Guess Who This Made Mad

High School Student Mocks Ivy League Liberal Elitists


Posted by Gateway Guest Blogger on Saturday, April 6, 2013, 6:00 AM

Guest Post by Mike LaRoche

weiss

The Daily Mail reports:

A high school senior who wrote an open letter to the Ivy League universities that rejected her has sparked a firestorm of anger, with readers accusing her of being ‘entitled’, ‘whiny’ and even racist.
But others have praised Suzy Lee Weiss, from Pittsburgh, Pennsylvania, for the honesty and ‘accuracy’ of her article, which appeared in the Wall Street Journal on Friday.
She said she wrote the piece after she was rejected from a string of schools in one day.
Despite the teenager’s 4.5 GPA, an SAT score of 2120 and work experience as a U.S. Senate page, she was shunned by Princeton, Yale, Vanderbilt and the University of Pennsylvania.
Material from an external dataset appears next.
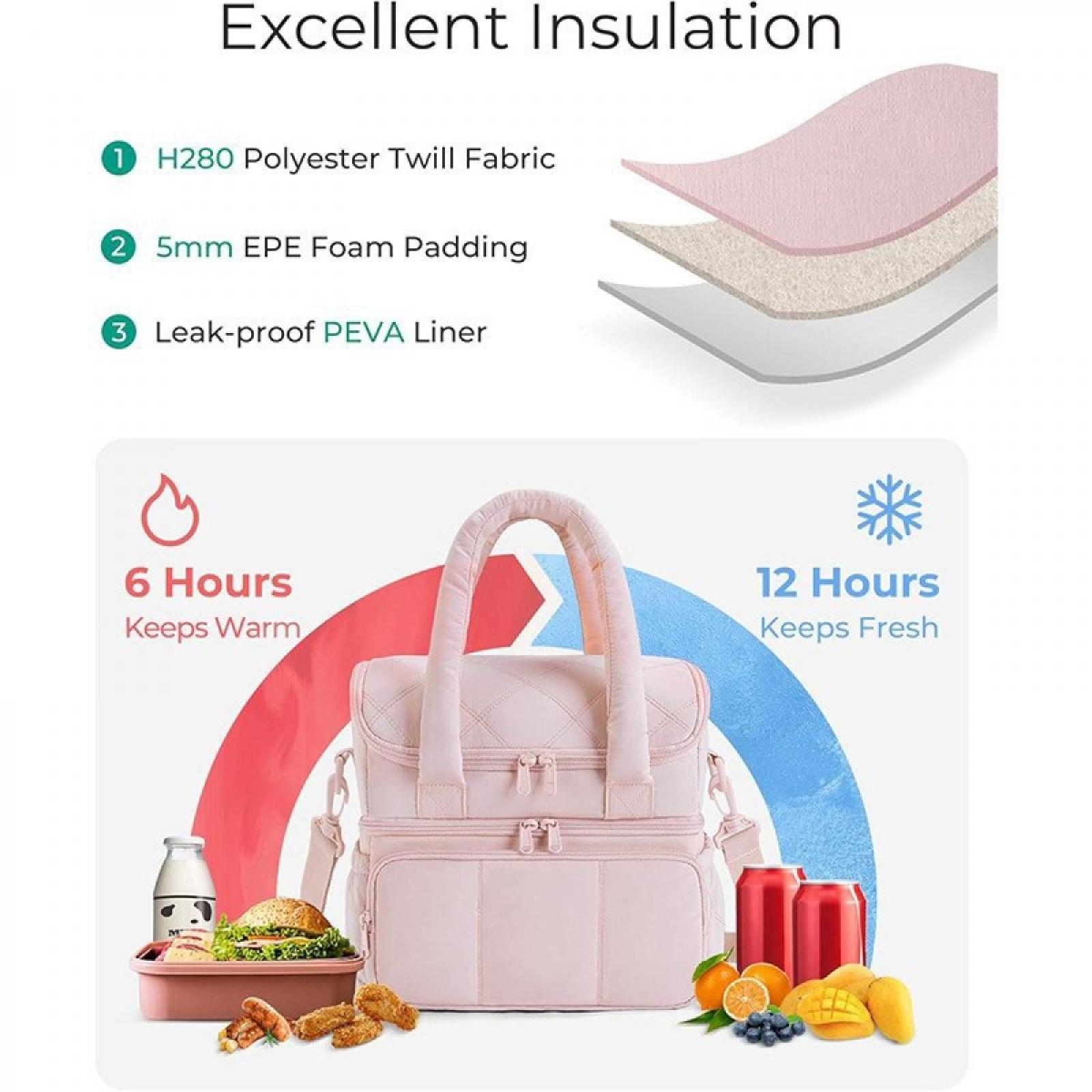 Rosa isolierte Lunchtasche mit Essen, Getränken und Text zur Isolierung. Zeigt Stoffschichten und Zeitrahmen für Wärme und Frische.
In the Wall Street Journal article, titled “To (All) the Colleges That Rejected Me,” Weiss writes of her biggest obstacle during the application process, one which consistently overshadowed her impressive academic record:

http://www.thegatewaypundit.com/
Like me, millions of high-school seniors with sour grapes are asking themselves this week how they failed to get into the colleges of their dreams. It's simple: For years, they—we—were lied to.

Colleges tell you, "Just be yourself." That is great advice, as long as yourself has nine extracurriculars, six leadership positions, three varsity sports, killer SAT scores and two moms. Then by all means, be yourself! If you work at a local pizza shop and are the slowest person on the cross-country team, consider taking your business elsewhere.

What could I have done differently over the past years?

For starters, had I known two years ago what I know now, I would have gladly worn a headdress to school. Show me to any closet, and I would've happily come out of it. "Diversity!" I offer about as much diversity as a saltine cracker. If it were up to me, I would've been any of the diversities: Navajo, Pacific Islander, anything. Sen. Elizabeth Warren, I salute you and your 1/32 Cherokee heritage.

I also probably should have started a fake charity. Providing veterinary services for homeless people's pets. Collecting donations for the underprivileged chimpanzees of the Congo. Raising awareness for Chapped-Lips-in-the-Winter Syndrome. Fun-runs, dance-a-thons, bake sales—as long as you're using someone else's misfortunes to try to propel yourself into the Ivy League, you're golden.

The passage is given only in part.